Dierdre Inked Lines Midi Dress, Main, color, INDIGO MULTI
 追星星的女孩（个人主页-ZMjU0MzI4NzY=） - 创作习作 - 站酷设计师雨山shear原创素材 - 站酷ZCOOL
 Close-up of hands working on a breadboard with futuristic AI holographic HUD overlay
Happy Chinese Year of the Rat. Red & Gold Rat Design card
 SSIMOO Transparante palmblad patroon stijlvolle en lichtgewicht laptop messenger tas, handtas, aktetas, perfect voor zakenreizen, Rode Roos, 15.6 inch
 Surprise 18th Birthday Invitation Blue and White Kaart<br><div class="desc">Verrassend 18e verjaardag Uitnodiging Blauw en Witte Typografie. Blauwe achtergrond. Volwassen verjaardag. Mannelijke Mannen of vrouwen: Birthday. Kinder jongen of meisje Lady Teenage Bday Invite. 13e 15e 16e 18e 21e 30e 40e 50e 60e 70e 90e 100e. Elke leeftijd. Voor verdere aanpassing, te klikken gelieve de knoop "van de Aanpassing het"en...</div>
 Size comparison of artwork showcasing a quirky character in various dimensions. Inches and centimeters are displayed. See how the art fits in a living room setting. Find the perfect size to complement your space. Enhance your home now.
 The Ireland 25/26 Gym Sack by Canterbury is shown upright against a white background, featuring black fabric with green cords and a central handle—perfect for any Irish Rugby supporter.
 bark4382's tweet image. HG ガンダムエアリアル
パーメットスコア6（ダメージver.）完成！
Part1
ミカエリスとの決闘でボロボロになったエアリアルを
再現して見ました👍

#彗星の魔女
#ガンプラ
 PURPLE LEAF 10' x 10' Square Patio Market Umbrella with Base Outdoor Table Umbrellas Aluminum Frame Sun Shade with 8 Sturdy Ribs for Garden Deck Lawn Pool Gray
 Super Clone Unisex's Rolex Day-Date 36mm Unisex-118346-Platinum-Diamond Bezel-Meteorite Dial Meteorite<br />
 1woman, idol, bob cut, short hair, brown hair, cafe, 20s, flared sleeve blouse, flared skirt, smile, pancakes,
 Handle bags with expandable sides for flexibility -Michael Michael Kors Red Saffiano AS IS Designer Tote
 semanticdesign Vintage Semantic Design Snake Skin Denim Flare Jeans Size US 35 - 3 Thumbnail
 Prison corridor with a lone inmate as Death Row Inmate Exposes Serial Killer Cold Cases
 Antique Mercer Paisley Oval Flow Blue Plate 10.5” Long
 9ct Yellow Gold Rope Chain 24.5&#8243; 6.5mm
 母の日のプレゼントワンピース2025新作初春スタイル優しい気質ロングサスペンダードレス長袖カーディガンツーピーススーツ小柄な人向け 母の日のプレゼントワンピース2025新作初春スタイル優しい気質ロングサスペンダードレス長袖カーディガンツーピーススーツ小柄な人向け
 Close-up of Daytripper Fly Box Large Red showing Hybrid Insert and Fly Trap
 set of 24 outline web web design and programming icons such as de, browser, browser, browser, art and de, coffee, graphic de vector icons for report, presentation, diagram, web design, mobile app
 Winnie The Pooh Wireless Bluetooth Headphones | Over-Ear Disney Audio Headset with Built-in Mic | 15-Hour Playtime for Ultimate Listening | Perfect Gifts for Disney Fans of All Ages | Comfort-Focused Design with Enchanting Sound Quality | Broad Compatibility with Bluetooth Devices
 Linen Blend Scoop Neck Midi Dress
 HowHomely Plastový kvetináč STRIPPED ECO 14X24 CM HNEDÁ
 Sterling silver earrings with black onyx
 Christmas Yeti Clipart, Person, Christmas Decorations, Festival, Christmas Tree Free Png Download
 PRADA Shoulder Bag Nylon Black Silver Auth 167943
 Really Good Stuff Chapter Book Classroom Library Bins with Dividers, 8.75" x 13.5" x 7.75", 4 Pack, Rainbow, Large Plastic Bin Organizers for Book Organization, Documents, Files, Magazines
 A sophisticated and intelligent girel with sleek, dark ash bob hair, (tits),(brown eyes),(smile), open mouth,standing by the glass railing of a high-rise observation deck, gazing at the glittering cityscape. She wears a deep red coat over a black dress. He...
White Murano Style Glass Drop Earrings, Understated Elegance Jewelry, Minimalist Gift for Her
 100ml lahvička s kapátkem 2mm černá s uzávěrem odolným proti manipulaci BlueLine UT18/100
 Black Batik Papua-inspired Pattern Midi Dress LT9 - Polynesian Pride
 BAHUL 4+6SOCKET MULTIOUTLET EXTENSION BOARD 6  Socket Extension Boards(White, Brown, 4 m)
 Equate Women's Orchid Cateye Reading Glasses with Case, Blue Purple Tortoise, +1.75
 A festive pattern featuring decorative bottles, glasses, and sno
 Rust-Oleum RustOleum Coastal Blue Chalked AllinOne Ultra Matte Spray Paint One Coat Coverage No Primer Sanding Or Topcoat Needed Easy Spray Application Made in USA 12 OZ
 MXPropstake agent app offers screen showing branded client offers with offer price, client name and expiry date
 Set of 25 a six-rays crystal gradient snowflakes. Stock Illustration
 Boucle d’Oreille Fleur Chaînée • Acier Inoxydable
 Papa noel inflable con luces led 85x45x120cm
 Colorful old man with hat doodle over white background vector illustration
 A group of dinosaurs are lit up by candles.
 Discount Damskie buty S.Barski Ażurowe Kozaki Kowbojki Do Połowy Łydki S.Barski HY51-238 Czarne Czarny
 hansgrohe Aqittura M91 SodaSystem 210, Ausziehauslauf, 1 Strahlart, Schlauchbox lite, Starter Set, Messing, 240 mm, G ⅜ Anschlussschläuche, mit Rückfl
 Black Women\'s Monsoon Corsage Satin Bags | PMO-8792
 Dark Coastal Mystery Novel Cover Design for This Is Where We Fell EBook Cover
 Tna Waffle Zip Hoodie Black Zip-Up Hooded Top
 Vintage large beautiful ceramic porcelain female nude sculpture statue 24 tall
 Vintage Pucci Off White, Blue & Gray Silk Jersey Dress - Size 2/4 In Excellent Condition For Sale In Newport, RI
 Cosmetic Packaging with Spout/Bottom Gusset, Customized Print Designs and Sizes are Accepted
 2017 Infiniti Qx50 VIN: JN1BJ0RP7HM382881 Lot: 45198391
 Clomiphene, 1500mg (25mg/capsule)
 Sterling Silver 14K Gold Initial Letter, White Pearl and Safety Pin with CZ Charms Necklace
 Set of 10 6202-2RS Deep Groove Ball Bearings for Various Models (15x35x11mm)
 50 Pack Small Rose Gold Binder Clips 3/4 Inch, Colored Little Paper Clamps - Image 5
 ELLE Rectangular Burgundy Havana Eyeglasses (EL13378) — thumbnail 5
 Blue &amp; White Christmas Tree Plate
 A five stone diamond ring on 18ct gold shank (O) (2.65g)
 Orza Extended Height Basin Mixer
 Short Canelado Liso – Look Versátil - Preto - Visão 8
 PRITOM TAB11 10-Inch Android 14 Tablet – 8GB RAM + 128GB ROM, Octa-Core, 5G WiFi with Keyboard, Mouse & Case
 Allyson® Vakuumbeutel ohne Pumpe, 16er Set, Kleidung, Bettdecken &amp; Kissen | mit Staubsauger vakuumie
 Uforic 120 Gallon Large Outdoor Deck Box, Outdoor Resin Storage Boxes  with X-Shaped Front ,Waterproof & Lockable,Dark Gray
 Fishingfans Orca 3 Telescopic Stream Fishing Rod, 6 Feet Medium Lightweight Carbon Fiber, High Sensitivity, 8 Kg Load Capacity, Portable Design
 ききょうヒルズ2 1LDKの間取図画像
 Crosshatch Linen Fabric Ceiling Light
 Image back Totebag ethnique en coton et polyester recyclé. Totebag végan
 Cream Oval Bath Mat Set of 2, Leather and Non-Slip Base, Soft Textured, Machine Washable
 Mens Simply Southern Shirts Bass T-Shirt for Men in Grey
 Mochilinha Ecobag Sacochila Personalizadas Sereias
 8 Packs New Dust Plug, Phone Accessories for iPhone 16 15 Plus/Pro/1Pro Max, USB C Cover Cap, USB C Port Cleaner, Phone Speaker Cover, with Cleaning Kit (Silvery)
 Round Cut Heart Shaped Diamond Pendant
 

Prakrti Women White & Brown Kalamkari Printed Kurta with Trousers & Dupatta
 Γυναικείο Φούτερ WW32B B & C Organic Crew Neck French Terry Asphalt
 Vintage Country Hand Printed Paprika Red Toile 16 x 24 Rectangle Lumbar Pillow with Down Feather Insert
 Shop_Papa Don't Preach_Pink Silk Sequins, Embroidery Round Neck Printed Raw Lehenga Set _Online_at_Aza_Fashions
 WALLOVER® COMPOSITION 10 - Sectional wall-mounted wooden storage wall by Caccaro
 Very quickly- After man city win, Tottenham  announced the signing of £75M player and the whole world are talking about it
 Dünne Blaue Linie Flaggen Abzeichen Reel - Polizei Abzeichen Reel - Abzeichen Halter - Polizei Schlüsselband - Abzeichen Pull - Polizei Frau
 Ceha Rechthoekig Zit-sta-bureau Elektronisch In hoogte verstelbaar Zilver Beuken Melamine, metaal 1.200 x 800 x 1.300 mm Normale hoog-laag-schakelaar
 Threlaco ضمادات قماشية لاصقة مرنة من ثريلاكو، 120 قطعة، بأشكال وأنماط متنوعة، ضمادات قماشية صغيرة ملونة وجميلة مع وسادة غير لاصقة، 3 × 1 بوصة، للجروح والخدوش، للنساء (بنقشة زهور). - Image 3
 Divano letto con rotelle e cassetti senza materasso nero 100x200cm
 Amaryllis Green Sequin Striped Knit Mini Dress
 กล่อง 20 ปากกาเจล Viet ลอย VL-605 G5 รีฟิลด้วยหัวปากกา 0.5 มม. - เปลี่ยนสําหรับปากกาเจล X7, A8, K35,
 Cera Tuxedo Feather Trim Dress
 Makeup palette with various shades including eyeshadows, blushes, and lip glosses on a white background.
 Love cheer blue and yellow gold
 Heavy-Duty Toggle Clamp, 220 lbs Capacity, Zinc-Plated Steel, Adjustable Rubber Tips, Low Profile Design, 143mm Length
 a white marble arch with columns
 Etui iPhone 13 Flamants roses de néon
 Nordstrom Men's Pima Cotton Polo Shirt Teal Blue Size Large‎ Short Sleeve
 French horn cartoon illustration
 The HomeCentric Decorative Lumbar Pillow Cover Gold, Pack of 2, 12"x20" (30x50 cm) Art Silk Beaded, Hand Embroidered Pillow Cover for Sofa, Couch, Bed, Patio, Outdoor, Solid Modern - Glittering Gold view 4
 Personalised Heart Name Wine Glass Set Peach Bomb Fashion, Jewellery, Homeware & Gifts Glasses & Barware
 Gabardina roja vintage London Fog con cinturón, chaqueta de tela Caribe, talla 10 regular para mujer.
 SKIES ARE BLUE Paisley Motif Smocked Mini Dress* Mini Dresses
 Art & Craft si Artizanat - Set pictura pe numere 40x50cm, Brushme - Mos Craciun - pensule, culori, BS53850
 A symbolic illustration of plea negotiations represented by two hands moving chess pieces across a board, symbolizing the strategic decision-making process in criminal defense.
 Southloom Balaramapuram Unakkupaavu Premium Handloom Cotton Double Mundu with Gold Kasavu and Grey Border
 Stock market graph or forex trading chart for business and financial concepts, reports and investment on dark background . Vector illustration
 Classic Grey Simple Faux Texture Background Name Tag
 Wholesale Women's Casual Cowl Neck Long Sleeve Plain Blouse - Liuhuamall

------------------------------

GOAL OF THE EXERCISE:
In the records above, find the line with "Set of 25 a"; write out exactly that line and each one after it, stopping after the line with "PRITOM TAB11 10-Inch".

SOLUTION FOR THIS TASK:
 Set of 25 a six-rays crystal gradient snowflakes. Stock Illustration
 Boucle d’Oreille Fleur Chaînée • Acier Inoxydable
 Papa noel inflable con luces led 85x45x120cm
 Colorful old man with hat doodle over white background vector illustration
 A group of dinosaurs are lit up by candles.
 Discount Damskie buty S.Barski Ażurowe Kozaki Kowbojki Do Połowy Łydki S.Barski HY51-238 Czarne Czarny
 hansgrohe Aqittura M91 SodaSystem 210, Ausziehauslauf, 1 Strahlart, Schlauchbox lite, Starter Set, Messing, 240 mm, G ⅜ Anschlussschläuche, mit Rückfl
 Black Women\'s Monsoon Corsage Satin Bags | PMO-8792
 Dark Coastal Mystery Novel Cover Design for This Is Where We Fell EBook Cover
 Tna Waffle Zip Hoodie Black Zip-Up Hooded Top
 Vintage large beautiful ceramic porcelain female nude sculpture statue 24 tall
 Vintage Pucci Off White, Blue & Gray Silk Jersey Dress - Size 2/4 In Excellent Condition For Sale In Newport, RI
 Cosmetic Packaging with Spout/Bottom Gusset, Customized Print Designs and Sizes are Accepted
 2017 Infiniti Qx50 VIN: JN1BJ0RP7HM382881 Lot: 45198391
 Clomiphene, 1500mg (25mg/capsule)
 Sterling Silver 14K Gold Initial Letter, White Pearl and Safety Pin with CZ Charms Necklace
 Set of 10 6202-2RS Deep Groove Ball Bearings for Various Models (15x35x11mm)
 50 Pack Small Rose Gold Binder Clips 3/4 Inch, Colored Little Paper Clamps - Image 5
 ELLE Rectangular Burgundy Havana Eyeglasses (EL13378) — thumbnail 5
 Blue &amp; White Christmas Tree Plate
 A five stone diamond ring on 18ct gold shank (O) (2.65g)
 Orza Extended Height Basin Mixer
 Short Canelado Liso – Look Versátil - Preto - Visão 8
 PRITOM TAB11 10-Inch Android 14 Tablet – 8GB RAM + 128GB ROM, Octa-Core, 5G WiFi with Keyboard, Mouse & Case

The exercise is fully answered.